NEW Story: Garbage Bag
Merry Christmas everyone (plus a little Christmas story)
This article is archived, and is no longer part of Vekllei canon.
She had always been a very serious girl, from the first time he’d met her. It was more than a reflection of character; it was how she talked, how she carried herself. Her clothes were plain, her nervous tics were not that funny, and she was afflicted with all sorts of fears and anxieties. She opens her mouth in public and what comes out is usually of serious opinion — a judgement of something or a political remark. But that is not how Gregori syndrome works. It does not take young girls and make them old. As the months wore on and the length of the days reflected the passing of warm season, he learned well enough that she was a teen-ager, despite her seriousness. She was slowly domesticated into regular society, her conversation became casual, and she started to worry more about things that might have been inconceivably petty in the months before.
In late November they put up the tree, at her insistence. She was six months a citizen at this point, and not yet familiar with all the familial traditions of the country. But she knew Christmas. And that became her season. This chick, awash with anxiety and domestic terror, was fucking around with ornaments he’d left in the box for five years.

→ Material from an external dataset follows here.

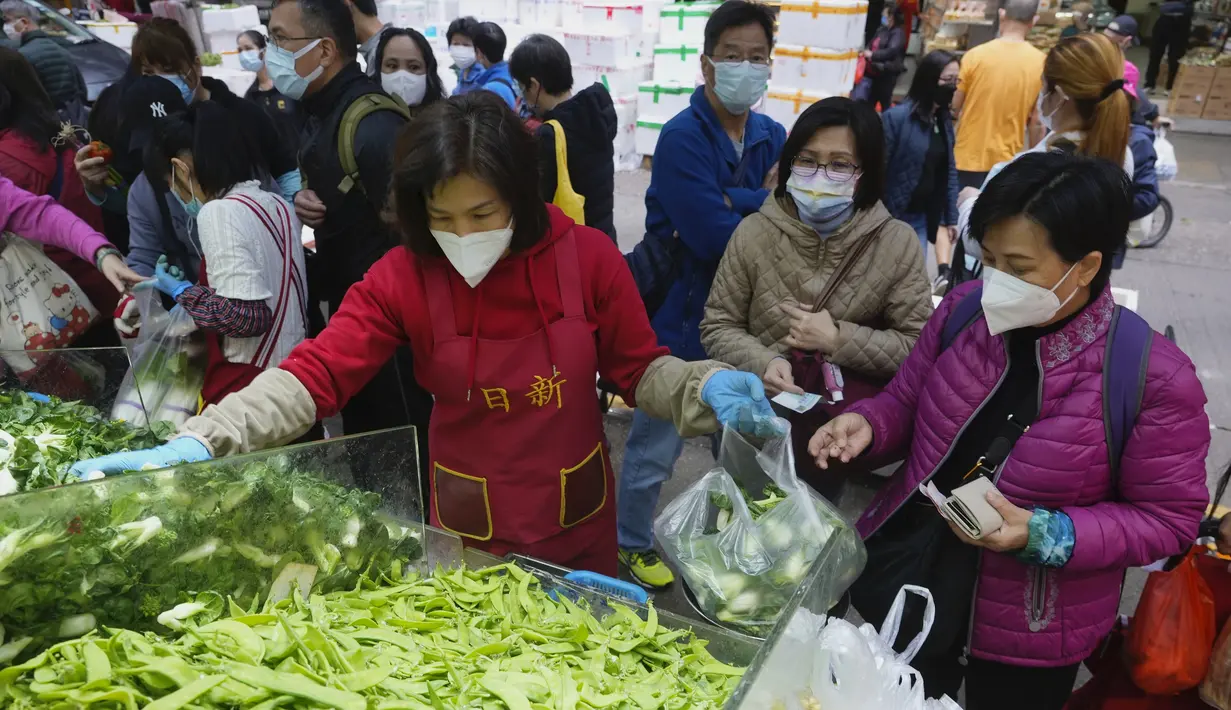 Pelanggan mengenakan masker, membeli sayuran segar di toko pasar basah di Hong Kong, Rabu, 9 Februari 2022. Hong Kong mengumumkan pembatasan virus corona baru yang ketat yang diperparah dengan semakin minimnya pasokan sayuran dikarenakan pengemudi truk yang positif COVID-19. (AP Photo/Vincent Yu)
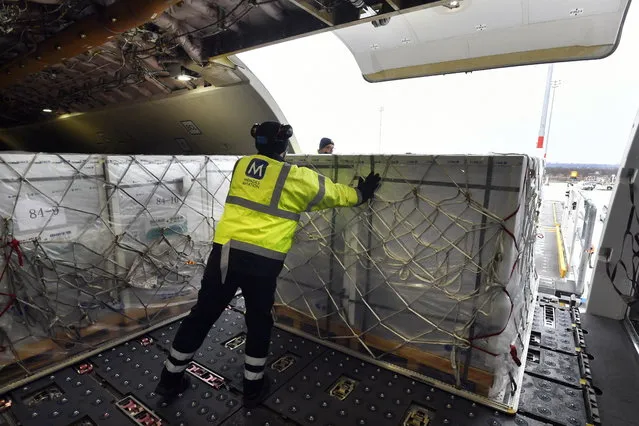 A box containing vaccines is unloaded from a Hungarian Airbus 330 cargo plane as the first batch of the vaccine against the new coronavirus produced by Sinopharm of China arrives at Budapest Liszt Ferenc International Airport in Budapest, Hungary, Tuesday, February 16, 2021. The vaccine will not be used without its examination and approval by the National Public Health Center of Hungary. (Photo by Zoltan Mathe/MTI via AP Photo)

‘Do you mind if I put the angel up the top?’ She asked him. She was kneeling at the foot of the tree with a sample of tree-toppers spread out before her. He looked up from his paper.
‘Why would I mind?’
‘I just thought you might.’
‘Do what you like, I don’t mind.’
She shook her head and shifted back on her rump.
‘It’s no fun if you’re not helping. I have no idea what to do, I haven’t had a proper tree since I was eight.’

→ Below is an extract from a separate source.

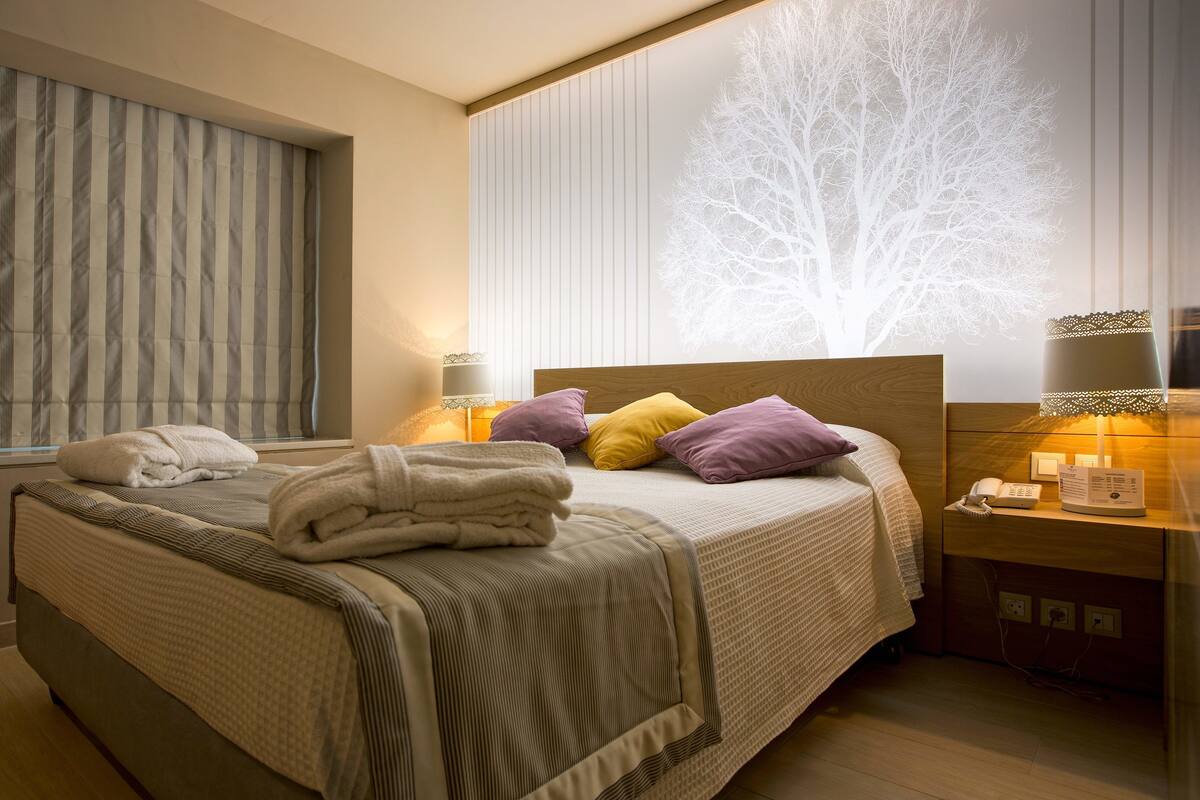 Ein ordentlich bezogenes Bett mit Kissen und Handtüchern, ein Nachttisch mit Lampe und eine Wand mit Baumdekor.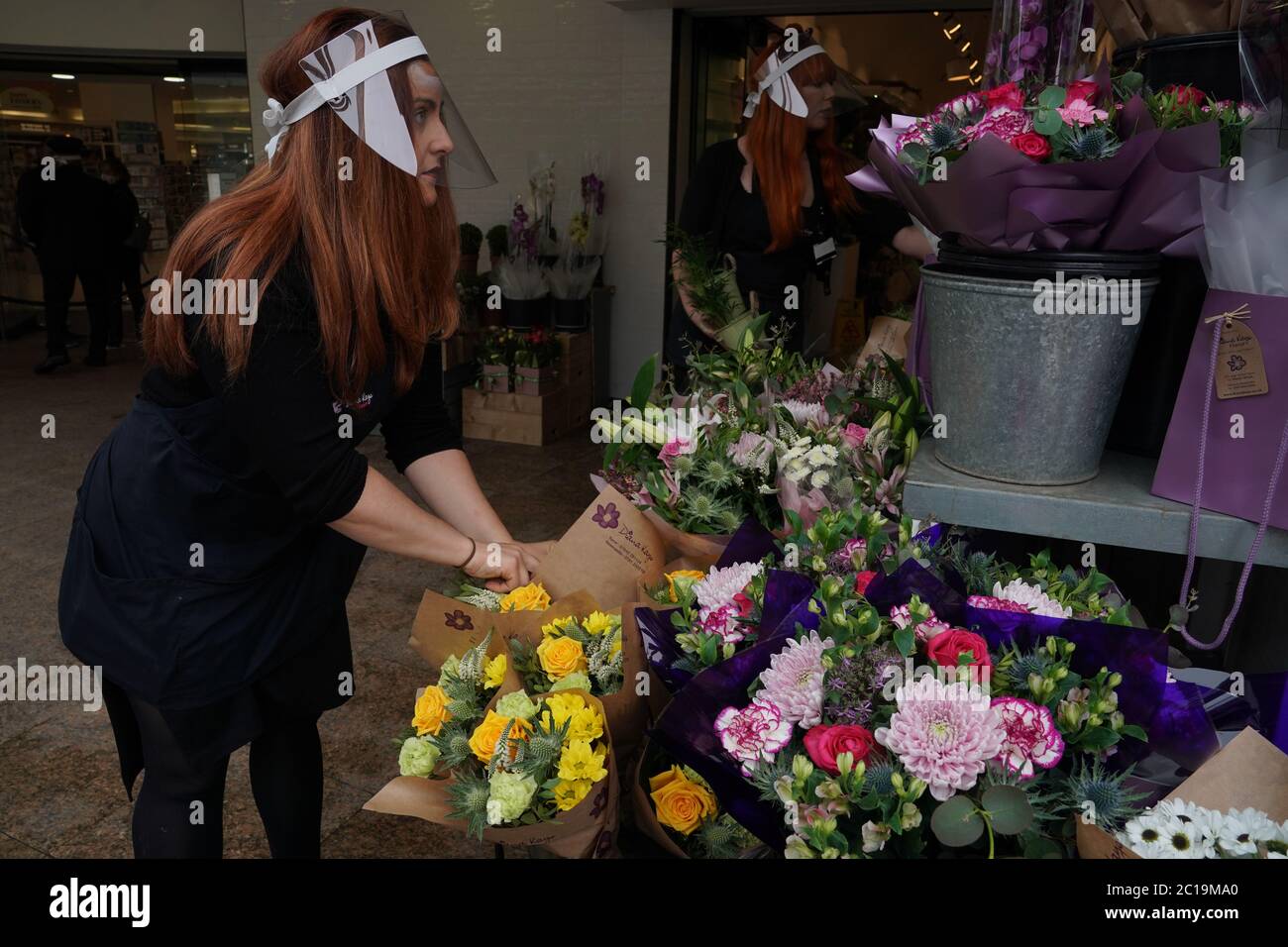 A Florist In A Face Mask Arranges Flowers Outside A Store In Newcastle As Non Essential Shops In England Open Their Doors To Customers For The First Time Since Coronavirus Lockdown Restrictions Were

He put the paper to the side and rubbed his eyes under his spectacles. He breathed out slowly.
‘What if I make Christmas lunch and you can do the tree?’ He said.
‘No, I’m already doing lunch,’ she said, then in English: ‘Pitch in, that’s how we all do it here.’

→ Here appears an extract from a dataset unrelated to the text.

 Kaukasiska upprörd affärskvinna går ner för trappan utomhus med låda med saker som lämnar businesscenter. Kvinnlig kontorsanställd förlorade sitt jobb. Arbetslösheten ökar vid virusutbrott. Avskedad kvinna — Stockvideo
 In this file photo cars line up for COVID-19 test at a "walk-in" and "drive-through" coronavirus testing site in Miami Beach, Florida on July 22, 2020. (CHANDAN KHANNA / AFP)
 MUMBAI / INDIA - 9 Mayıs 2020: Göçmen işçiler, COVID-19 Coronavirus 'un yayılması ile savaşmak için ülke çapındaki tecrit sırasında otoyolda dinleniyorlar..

She got up and shuffled her feet into slippers and sat next to him.
‘Did you invite Ayn?’
‘I haven’t, yet,’ he said, ‘It’s been a busy week. I’ll ask her, though. She’d be thrilled to be asked.’
‘Maybe I should make a card.’
‘That would be nice,’ he nodded. ‘She likes you a lot.’
She looked surprised and smiled at him, teeth and everything.
‘That’s sweet,’ she said, and tugged at her shirt. ‘She’s sweet. I like her too.’
As Tzipora worked her way into a Christmas fever, he began to like it too. She was better when she was happier — she smiled more, and the compulsion to pull her shirt or rub her nose abated. It was very strange to see a girl he’d known as old before her time suddenly revert five years and adopt a flurry of youth; it was a childish rekindling of the good things in her that might be more accessible if she’d grown up in her home country. He was suckered into the season’s festivities too, a holiday empty in the country of plenty without faith and family. He even attended a mass at Tzipora’s request — she was still deicidal, but she remained a Catholic and wanted to be a part of the fun.
On Christmas Eve Tzipora had put herself to sleep with sickly Winter wine and had curled up on the couch. Ayn sat with Baron at the table and they finished what was left of the bottle as the evening rolled on. He’d lost the nose but still had antlers. She was in a Santa hat and sweet with good cheer.
‘It’s funny, when you think about it,’ she said. Her smile had become small and serious. ‘It all turned out well enough, didn’t it?’
‘It’s hardly started,’ he smirked, and gestured with his thumb at the girl on the couch. His voice was very low as to not wake the girl. ‘She’s got a whole thing planned. She doesn’t want me to know what it is. She’ll happily let me clean up her wrapping paper and wash the dishes, but she won’t tell me what’s going on. She’s got something in the oven, that’s all I know.’
‘Mmhmm,’ she said, and she stretched out a hand and gently laid it across his. ‘But I mean in the scheme of things, Baron. I meant in general.’
‘Like how?’
‘Well, you and I could never marry. And I could never have a baby, you know that. I always wanted a child,’ she said. She squeezed his hand. ‘But here we are, anyway. Think about what it was like when you left for America, and then as it is now.’
He nodded.
‘I think about it,’ he said. ‘We’re lucky.’
‘Of course we are.’
He thought about it some more when he got up to carry her to bed some hours into the early morning.
Merry Christmas and thanks for a great year.